This technique has two different versions :

1) One for density estimation, and therefore descriptive.

2) The other one for probabilistic classification, and therefore predictive.

In both cases, variables have to be numerical. Each observation can then be represented as a point in a space with as many dimensions as there are variables. The sample may then be thought of as a "cloud" of points.

___________________

In both versions of K_NN, a fixed natural number K is first chosen by the user.

1) K-Nearest Neighbors and density estimation

Let P be any point of the space. One determines the smallest sphere, centered on P, and that contains exactly K observations. Density around P is then very naturally estimated as inversely proportional to the volume of the sphere.

2) K-Nearest Neighbors and probabilistic classification

Every observation belongs now to of one class among N.

As before, one determines the smallest sphere centered on P that contains exactly K observations. P is then said to belong to the class that has the most representatives within the sphere.

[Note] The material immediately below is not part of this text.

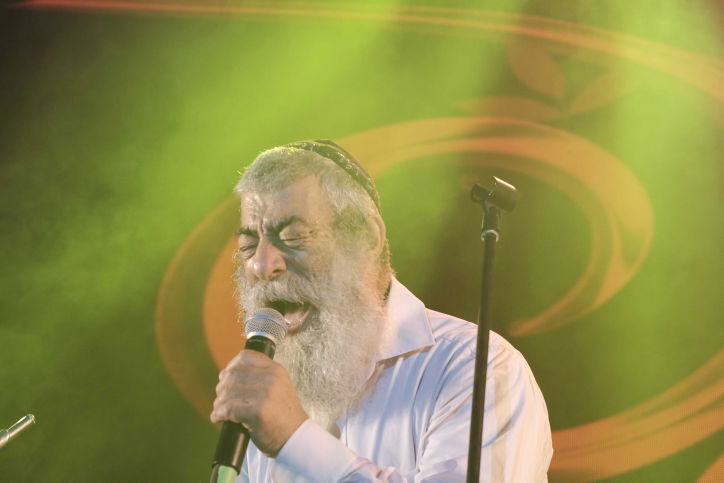 חב"דניקים וכאלו שלא חגגו בכיכר רבין • צפו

One can even do a little better than that. Probabilities for P to belong to class i may be estimated as the ratio of :

• The number of observations in the sphere that belong to class i
• To the total number of observations in the sphere.

Note that this approach to estimating class probabilities is similar to that used in leafs of Decision Trees.

_______________________

K-Nearest Neighbors is clearly non parametric.

In both versions of the technique, K has to be chosen by the user.

• If K is too large, spheres are too big,  and the detailed features of the various density functions are smoothed out (high bias).
• If K is too small, the uncertainty about the "true" size of the sphere that encompasses the K observations is large. The model becomes quite uncertain and unstable from sample to sample (high variance).

Note the behavior of the model when K varies from "too large" to "too small" is quite similar to that of histograms. Of course, the reasons are the same. And of course, there is no "magic formula" to help the user determine the "best" value for K.

Kohonen maps

Kohonen maps are virtually the only unsupervised Neural networks available in commercial software.

Kohonen maps do 2 things simultaneously : dimensionality reduction and clustering.

1) Dimensionality reduction.
In loose terms (that genuine statisticians generally oppose to), Kohonen maps may be perceived as non linear extensions of Principal Components Analysis (PCA) because of their capacity to stretch and twist so as to "hug" data points as closely as possible.

2) Clustering.
At first, the quantization properties of Kohonen maps may be considered a nuisance. It took some years to realize that they could also turn Kohonen maps into clustering tools with quite remarkable properties shared by no other clustering technique : they produce clusters with a natural "topology". What that means is that each cluster has natural "neighbor clusters" whose observations are quite similar to his own. This unique property makes Kohonen maps extremely valuable clustering tools.